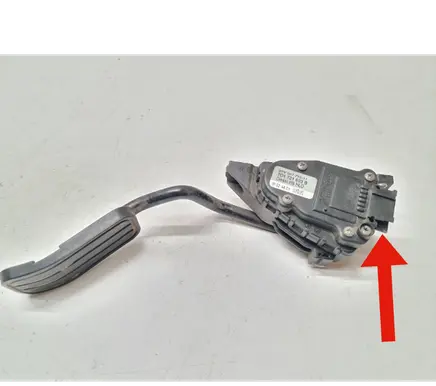 Volkswagen Transporter - Caravelle T4 Accelerator throttle pedal 7D1721603B 6PV00777011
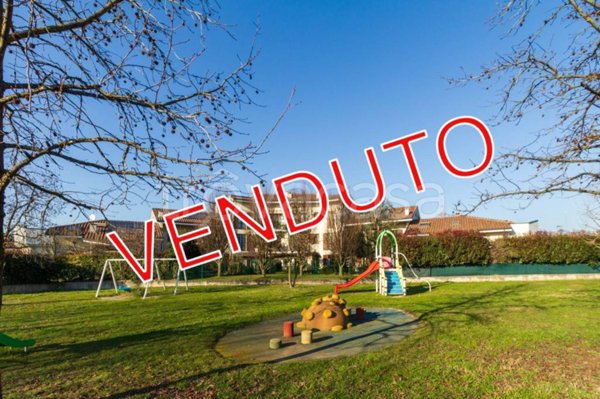 appartamento in vendita ad Usmate Velate
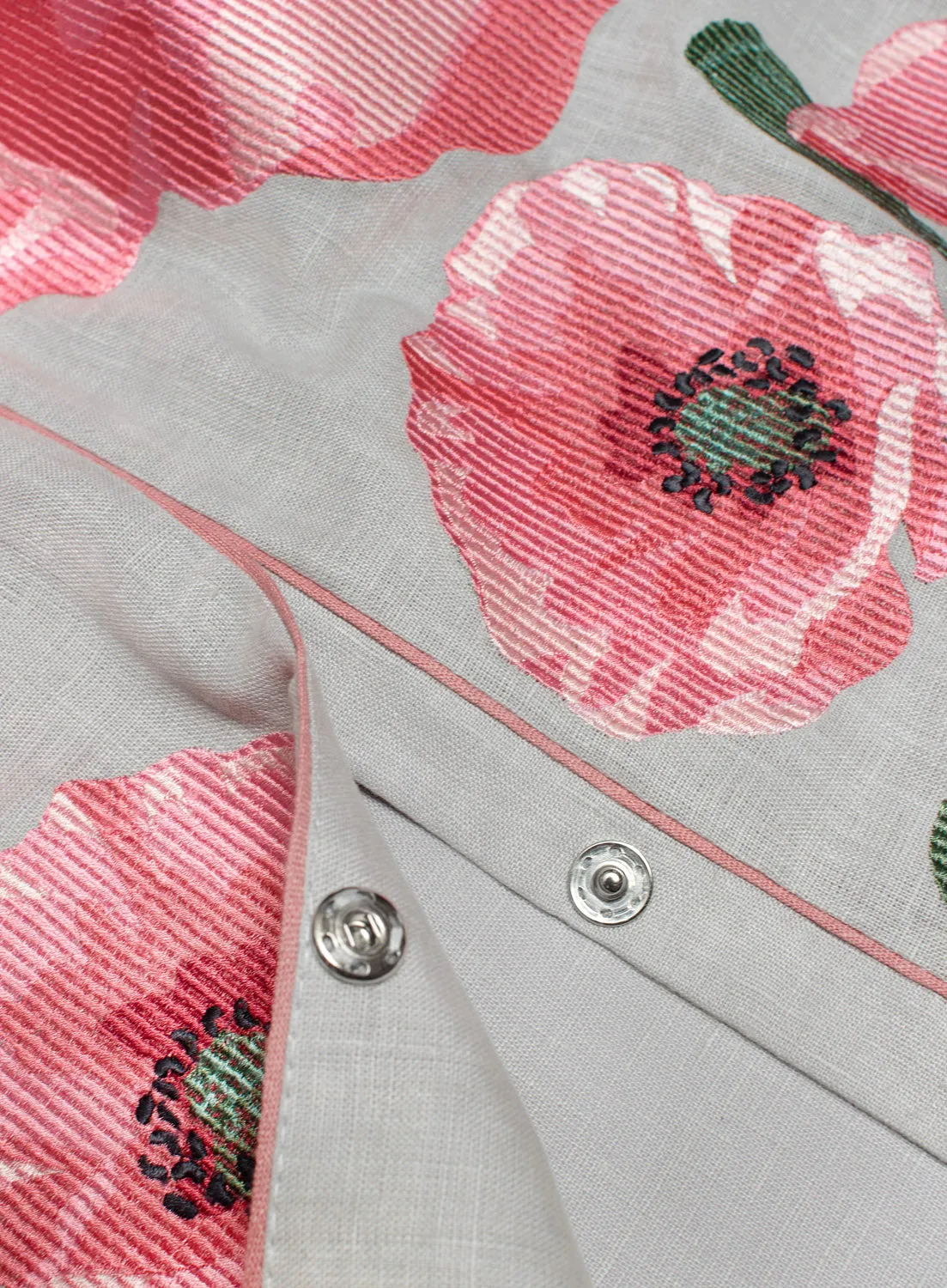 Light gray Kaftan with embroidered poppies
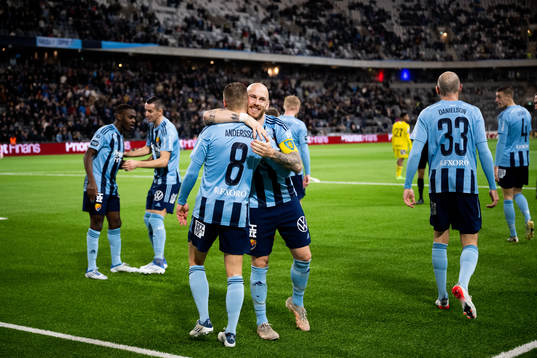 Djurgårdens Elias Andersson och Magnus Eriksson jublar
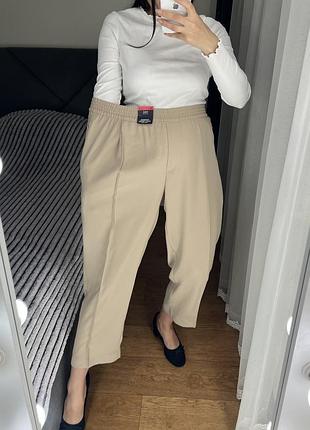 18 розмір нові з бірками штани брюки на резинці з карманами джогери укорочені батал бежеві 52 розмір укорочені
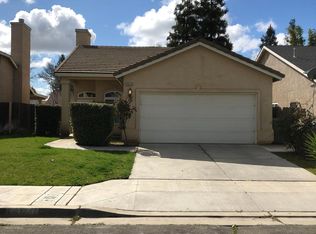 5675 W Holland Ave, Fresno, CA 93722
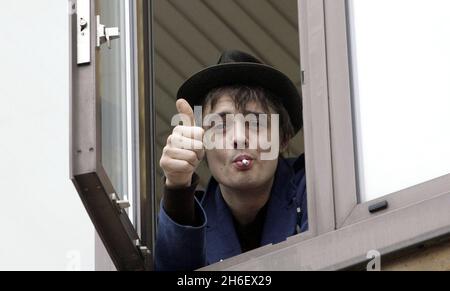 Il cantante Pete Doherty appare oggi alla finestra della corte dei Magistrati di Tamigi a Londra mentre attende la sua udienza di corte per le accuse di droga . Foto Stock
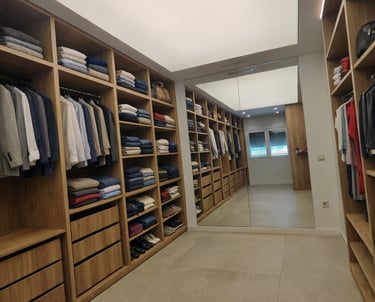 Techo tensado luminoso en vestidor de vivienda privada en Alberique, Valencia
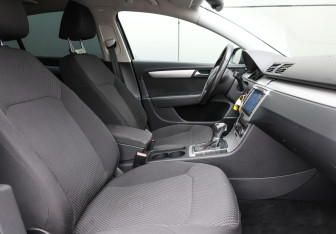 Подержанный автомобиль Volkswagen Passat Sedan 2011 года (11 фото)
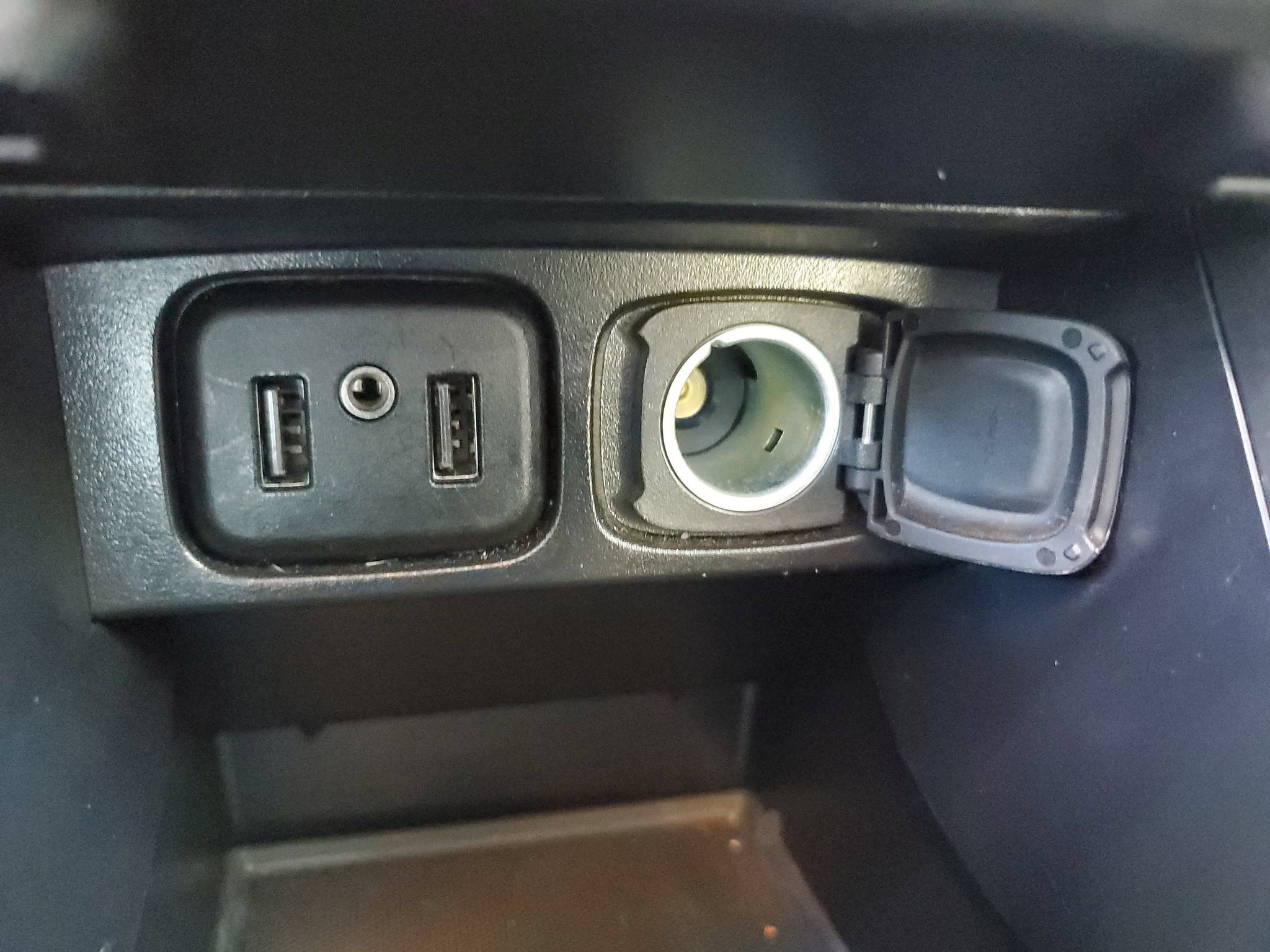 Used 2022 Buick Encore Preferred w/ Safety Package FWD image 25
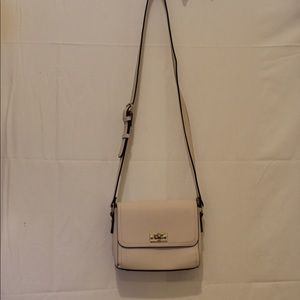 Very Cute White crossbody purse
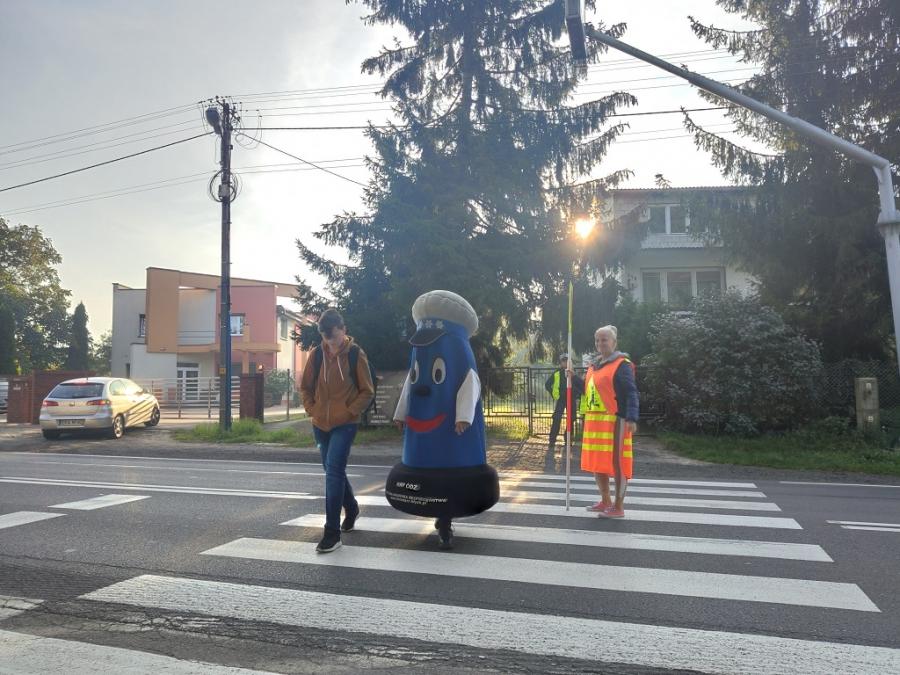 Przeprowadzali przez przejście: wspólna akcja miasta, policji i szkoły Elcar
▬▬▬▬▬▬
● **Problem statement**: Exactly as written, return each line above and leave the pictures behind.

● **Reply to the task**:
 Volkswagen Transporter - Caravelle T4 Accelerator throttle pedal 7D1721603B 6PV00777011
 appartamento in vendita ad Usmate Velate
 Light gray Kaftan with embroidered poppies
 Djurgårdens Elias Andersson och Magnus Eriksson jublar
 18 розмір нові з бірками штани брюки на резинці з карманами джогери укорочені батал бежеві 52 розмір укорочені
 5675 W Holland Ave, Fresno, CA 93722
 Il cantante Pete Doherty appare oggi alla finestra della corte dei Magistrati di Tamigi a Londra mentre attende la sua udienza di corte per le accuse di droga . Foto Stock
 Techo tensado luminoso en vestidor de vivienda privada en Alberique, Valencia
 Подержанный автомобиль Volkswagen Passat Sedan 2011 года (11 фото)
 Used 2022 Buick Encore Preferred w/ Safety Package FWD image 25
 Very Cute White crossbody purse
 Przeprowadzali przez przejście: wspólna akcja miasta, policji i szkoły Elcar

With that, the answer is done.